I think processes could replace threads in most cases, but common OSs are hampering us.
Fork is slow in Windows. In unix, having lots of processes crowds ps (creates disincentive) and if you want to effectively manage a tree of threads you have to do fiddly work managing a thread group and (if you want to be fast) wrapping your head and software around shared memory IPC.
I think that if support for multiple processes in mainstream processes was more effective than it is, we'd both spend less time worrying about threads and write more stable software.
* sharing memory - sometimes you have lots of immutable data, like modules, graphs, whatnot. Yes, there is copy-on-write and no, it doesn't work well on any python implementation out there. Also sometimes it's mostly-immutable data, but not quite.
* serializing lots of data is a mess and even if feasible is usually a big performance hit if you want to exchange actual objects.
With Plan 9's rfork() (and linux's less nice clone()), you can create new processes that share the memory of the old process, which addresses those two answers. Though, I'm not sure if this reinforces OP's point or just indicates that the distinction between threads and processes can be fuzzy.
RFMEM If set, the child and the parent will share data and bss segments. Otherwise, the child inherits a copy of those segments. Other segment types, in particular stack segments, will be unaffected. May be set only with RFPROC.
So, it basically is a way to start a process that shares all its globals (including static variables, I think) with another process, but not other memory. That is more secure than having threads, but also more restricted, as one cannot share heap-allocated structures between such processes. I guess this feature gets used most in Fortran code where nothing gets allocated dynamically.

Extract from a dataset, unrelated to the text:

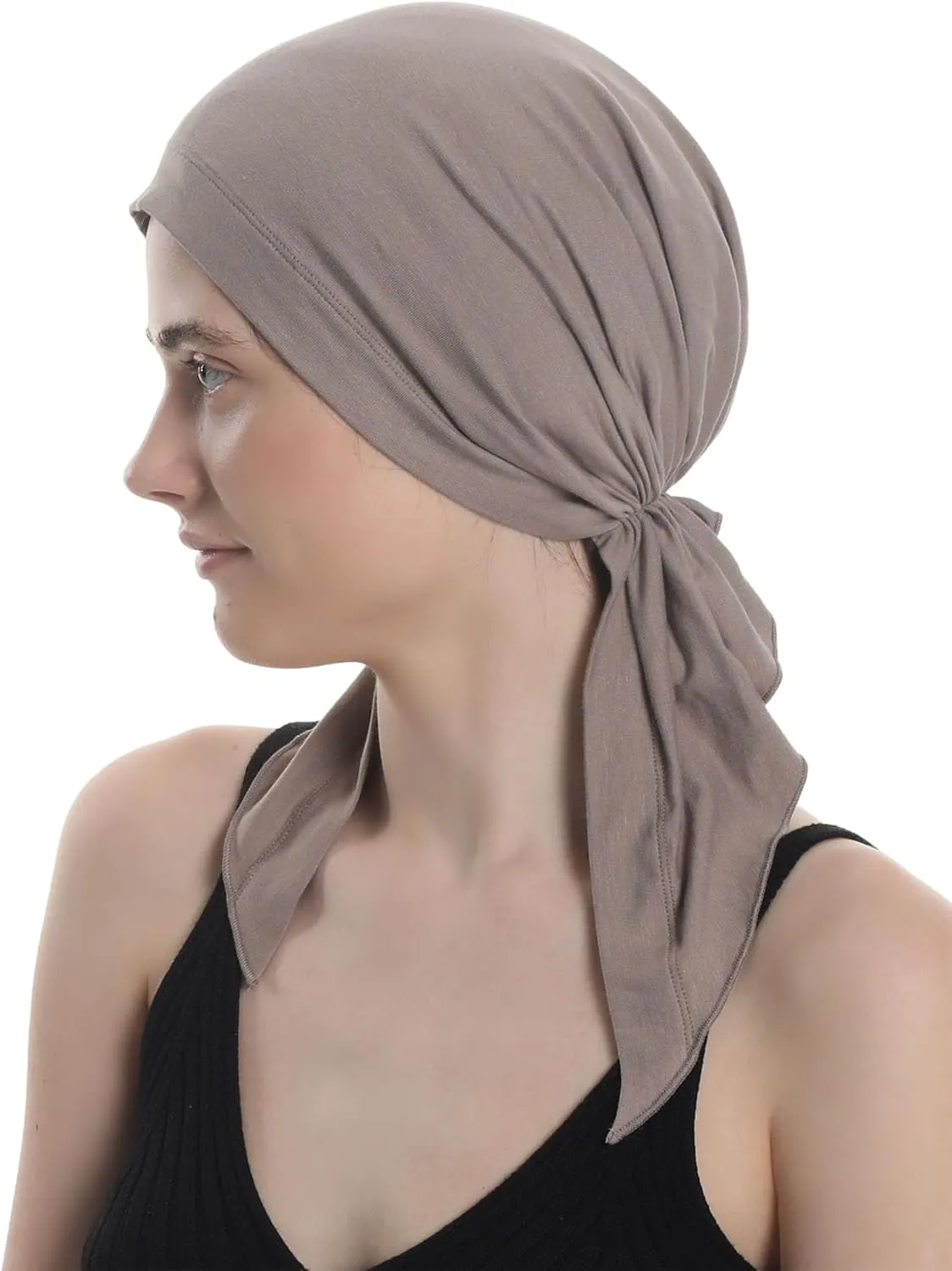 Pre Tied Headwear for Chemo, Hair Loss, Alopecia for Sensitive Scalp, Elasticated with Ties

It also makes it easier to selective kill a thread of execution from the command line, but I do not see when that might be useful.

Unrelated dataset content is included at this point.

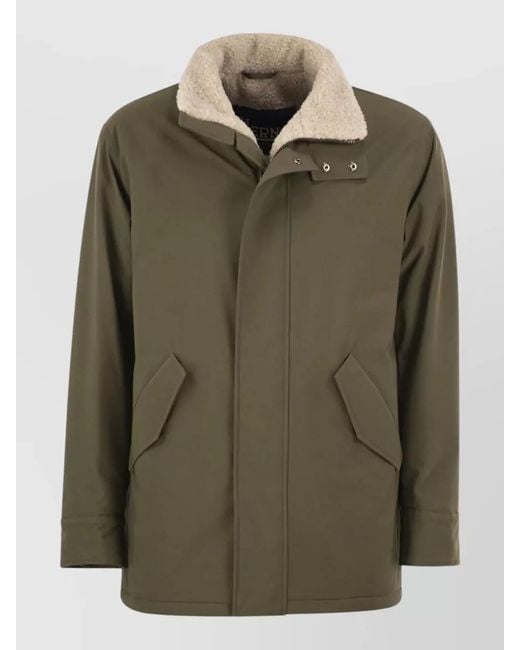 Herno Green Hooded Puffer Jacket for men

I think you're wrong, reasoning in the wrong direction. I think that green threads / fibers / lightweight threads are going to replace threads. Haskell uses them, for example. They are much more lightweight, you can get additional correctness guarantees from them (1: bind the "runner" threads to specific CPUs, you have to worry about memory fences less, 2: if other fibers that use the same resources run on the same "runner" thread, you can "lock" shared data simply by preventing a (lightweight) context switch), the only problem is that they are hard to implement in C(++) (you need stack switching if you want to be reasonably fast), so not many compilers/interpreters implement them.
I see this sentiment everywhere. Processes don't solve every problem, nor do threads, and nor do fibers. They're each useful in different places.
Despite the GIL, threads are still useful in Python for handling asynchronous operations. One or more threads pull items off a work queue, process them, and then put the results somewhere else. The GIL is a problem only when operations are CPU-bound, but Python is pretty damn slow at that anyway. Alternatively, you can sidestep the GIL by creating a thread in a C extension that does the heavy-lifting, then calls back into Python with the result.
Fork doesn't work for much in python; for example if you want to create a bunch of data and then fork a bunch of processes to calculate stuff using the data (say the data is a bunch of word count indexes or something), you can't even read the data from the python processes without triggering copy-on-write. This is because all these little reference counts are scattered throughout the data and they get changed just by reading.
I find it strange that more attention hasn't been paid to the more obvious path: Multiple interpreters in one process. You can safely run a separate Python interpreter in each thread of a process. More overhead than threading, but less than multiprocessing, and takes care of both the Windows forking problem and the general unix "housekeeping" problem.
Fork is slow in Windows. In unix, having lots of processes crowds ps (creates disincentive) and if you want to effectively manage a tree of threads you have to do fiddly work managing a thread group and (if you want to be fast) wrapping your head and software around shared memory IPC.
I think that if support for multiple processes in mainstream processes was more effective than it is, we'd both spend less time worrying about threads and write more stable software.